Dragging the thread off-topic... 


Mike B said:


> Firefox 2.0 RC3 is now available...


Any good?
Salient points?


----------



## Prof. Yaffle (Aug 2, 2002)

Ignore me. Missed a bit on the first post.


----------



## PaulWilkinsUK (Mar 20, 2006)

mbriody said:


> Right, so its not a Mac-specific issue you just need a newer FF.


There is no higher version for Mac just yet... guess we'll have to wait.


----------



## poissony (Feb 20, 2002)

Yes there is, RC3 of Firefox 2 for OSX is available here http://www.mozilla.org/projects/bonecho/all-rc.html
and the TiVo plugin works fine.


----------



## Raisltin Majere (Mar 13, 2004)

mbriody said:


> The search plugins are definitely XML.
> 
> If you upgraded from 1.x you may be looking at the folder for your previous installation.
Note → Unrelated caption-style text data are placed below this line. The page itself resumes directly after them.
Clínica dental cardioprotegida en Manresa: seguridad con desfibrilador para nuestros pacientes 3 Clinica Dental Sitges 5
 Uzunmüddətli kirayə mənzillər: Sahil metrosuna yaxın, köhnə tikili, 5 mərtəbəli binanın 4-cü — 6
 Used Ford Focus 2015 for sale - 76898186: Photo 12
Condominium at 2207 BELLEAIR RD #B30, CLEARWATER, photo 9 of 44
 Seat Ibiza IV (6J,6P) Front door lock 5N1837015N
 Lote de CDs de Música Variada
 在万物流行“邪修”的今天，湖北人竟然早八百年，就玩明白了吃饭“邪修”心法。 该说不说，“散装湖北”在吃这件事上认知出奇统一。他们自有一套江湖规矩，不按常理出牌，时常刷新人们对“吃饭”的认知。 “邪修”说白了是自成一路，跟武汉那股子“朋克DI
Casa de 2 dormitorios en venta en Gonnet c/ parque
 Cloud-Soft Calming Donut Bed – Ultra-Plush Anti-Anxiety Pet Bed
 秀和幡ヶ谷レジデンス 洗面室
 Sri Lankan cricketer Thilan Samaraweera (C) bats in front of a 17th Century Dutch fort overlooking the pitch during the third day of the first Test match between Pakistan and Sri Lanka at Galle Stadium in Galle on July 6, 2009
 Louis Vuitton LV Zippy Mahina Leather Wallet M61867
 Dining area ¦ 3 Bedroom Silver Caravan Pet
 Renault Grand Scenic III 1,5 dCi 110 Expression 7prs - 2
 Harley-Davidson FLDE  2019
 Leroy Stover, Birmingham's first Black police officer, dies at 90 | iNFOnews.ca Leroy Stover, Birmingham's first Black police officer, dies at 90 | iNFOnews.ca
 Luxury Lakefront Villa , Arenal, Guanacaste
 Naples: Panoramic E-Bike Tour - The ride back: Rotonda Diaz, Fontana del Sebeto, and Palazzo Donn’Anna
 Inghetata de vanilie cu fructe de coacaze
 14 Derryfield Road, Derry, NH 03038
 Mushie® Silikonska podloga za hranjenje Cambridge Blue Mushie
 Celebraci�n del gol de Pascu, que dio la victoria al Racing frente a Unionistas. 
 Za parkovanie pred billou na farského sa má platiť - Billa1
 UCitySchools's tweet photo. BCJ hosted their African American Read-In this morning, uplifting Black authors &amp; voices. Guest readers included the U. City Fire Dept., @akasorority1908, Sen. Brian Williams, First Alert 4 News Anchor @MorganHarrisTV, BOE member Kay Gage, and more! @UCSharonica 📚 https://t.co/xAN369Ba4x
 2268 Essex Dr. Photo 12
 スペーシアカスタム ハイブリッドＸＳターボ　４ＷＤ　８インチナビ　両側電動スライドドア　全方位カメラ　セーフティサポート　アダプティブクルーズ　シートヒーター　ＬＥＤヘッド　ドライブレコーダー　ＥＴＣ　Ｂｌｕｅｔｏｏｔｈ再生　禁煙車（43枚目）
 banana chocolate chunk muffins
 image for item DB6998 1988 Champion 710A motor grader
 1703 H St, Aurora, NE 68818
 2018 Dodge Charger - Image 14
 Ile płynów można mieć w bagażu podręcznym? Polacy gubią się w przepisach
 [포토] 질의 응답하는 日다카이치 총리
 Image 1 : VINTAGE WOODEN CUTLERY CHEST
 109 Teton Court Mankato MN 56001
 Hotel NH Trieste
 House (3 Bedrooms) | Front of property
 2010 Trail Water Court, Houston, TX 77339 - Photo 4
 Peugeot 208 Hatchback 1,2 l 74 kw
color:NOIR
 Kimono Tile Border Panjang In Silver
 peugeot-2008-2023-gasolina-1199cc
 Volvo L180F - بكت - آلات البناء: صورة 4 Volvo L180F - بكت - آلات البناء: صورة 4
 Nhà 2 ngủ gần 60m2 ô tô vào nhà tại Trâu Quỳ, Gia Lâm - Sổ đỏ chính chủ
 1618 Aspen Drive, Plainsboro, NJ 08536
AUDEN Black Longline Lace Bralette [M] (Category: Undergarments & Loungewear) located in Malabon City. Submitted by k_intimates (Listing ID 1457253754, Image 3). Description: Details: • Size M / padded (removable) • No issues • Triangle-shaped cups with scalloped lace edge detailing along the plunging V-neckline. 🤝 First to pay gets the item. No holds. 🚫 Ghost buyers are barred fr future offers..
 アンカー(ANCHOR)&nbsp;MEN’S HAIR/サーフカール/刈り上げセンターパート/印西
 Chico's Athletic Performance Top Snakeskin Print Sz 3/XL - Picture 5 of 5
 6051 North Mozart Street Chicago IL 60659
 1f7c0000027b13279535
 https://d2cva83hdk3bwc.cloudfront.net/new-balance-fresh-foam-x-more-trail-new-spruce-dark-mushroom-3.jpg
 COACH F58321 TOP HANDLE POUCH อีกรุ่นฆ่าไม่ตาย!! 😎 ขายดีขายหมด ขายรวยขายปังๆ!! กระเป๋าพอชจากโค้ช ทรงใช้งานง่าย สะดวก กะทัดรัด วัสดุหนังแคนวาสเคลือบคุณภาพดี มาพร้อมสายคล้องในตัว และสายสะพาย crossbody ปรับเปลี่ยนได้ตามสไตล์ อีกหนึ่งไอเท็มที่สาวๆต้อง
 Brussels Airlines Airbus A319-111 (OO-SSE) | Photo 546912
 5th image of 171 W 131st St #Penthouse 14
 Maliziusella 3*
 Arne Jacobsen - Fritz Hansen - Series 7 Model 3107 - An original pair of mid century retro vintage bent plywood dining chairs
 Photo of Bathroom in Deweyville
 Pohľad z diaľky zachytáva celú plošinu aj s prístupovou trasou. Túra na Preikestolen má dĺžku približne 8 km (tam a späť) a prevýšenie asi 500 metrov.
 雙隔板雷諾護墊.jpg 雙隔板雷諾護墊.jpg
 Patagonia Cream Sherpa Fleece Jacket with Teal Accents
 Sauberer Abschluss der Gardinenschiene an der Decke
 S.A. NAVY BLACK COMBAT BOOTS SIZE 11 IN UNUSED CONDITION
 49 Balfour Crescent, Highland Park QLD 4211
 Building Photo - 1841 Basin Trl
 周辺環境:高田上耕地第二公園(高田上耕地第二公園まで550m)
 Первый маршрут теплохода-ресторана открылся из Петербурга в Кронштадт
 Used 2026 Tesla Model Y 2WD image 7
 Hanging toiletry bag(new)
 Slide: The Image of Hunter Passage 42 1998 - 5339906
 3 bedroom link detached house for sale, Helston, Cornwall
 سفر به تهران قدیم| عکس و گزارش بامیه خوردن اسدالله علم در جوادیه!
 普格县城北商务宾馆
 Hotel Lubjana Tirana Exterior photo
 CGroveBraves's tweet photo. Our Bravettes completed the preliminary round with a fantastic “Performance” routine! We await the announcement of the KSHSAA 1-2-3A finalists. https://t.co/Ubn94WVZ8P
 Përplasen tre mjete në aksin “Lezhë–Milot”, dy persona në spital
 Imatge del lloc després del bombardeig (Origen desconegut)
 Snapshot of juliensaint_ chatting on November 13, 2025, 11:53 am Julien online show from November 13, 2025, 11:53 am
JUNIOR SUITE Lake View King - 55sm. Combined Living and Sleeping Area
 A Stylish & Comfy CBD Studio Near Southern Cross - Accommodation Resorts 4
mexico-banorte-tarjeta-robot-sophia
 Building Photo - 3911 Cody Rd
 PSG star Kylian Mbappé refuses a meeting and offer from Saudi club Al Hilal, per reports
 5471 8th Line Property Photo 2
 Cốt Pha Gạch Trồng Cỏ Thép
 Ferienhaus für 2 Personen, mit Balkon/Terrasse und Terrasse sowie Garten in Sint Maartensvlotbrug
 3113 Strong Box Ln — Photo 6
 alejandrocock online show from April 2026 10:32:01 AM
The upgrade to 2.x still leaves 1.x on the PC.
> 
> ...


Thanks, I'll have a look when I get home...


----------



## PaulWilkinsUK (Mar 20, 2006)

poissony said:


> Yes there is, RC3 of Firefox 2 for OSX is available here http://www.mozilla.org/projects/bonecho/all-rc.html
> and the TiVo plugin works fine.


"I stand corrected", said the man in the orthopeadic shoes


----------



## Raisltin Majere (Mar 13, 2004)

mbriody said:


> The search plugins are definitely XML.
> 
> If you upgraded from 1.x you may be looking at the folder for your previous installation. The upgrade to 2.x still leaves 1.x on the PC.


  oh yeah 

works a treat, thanks


----------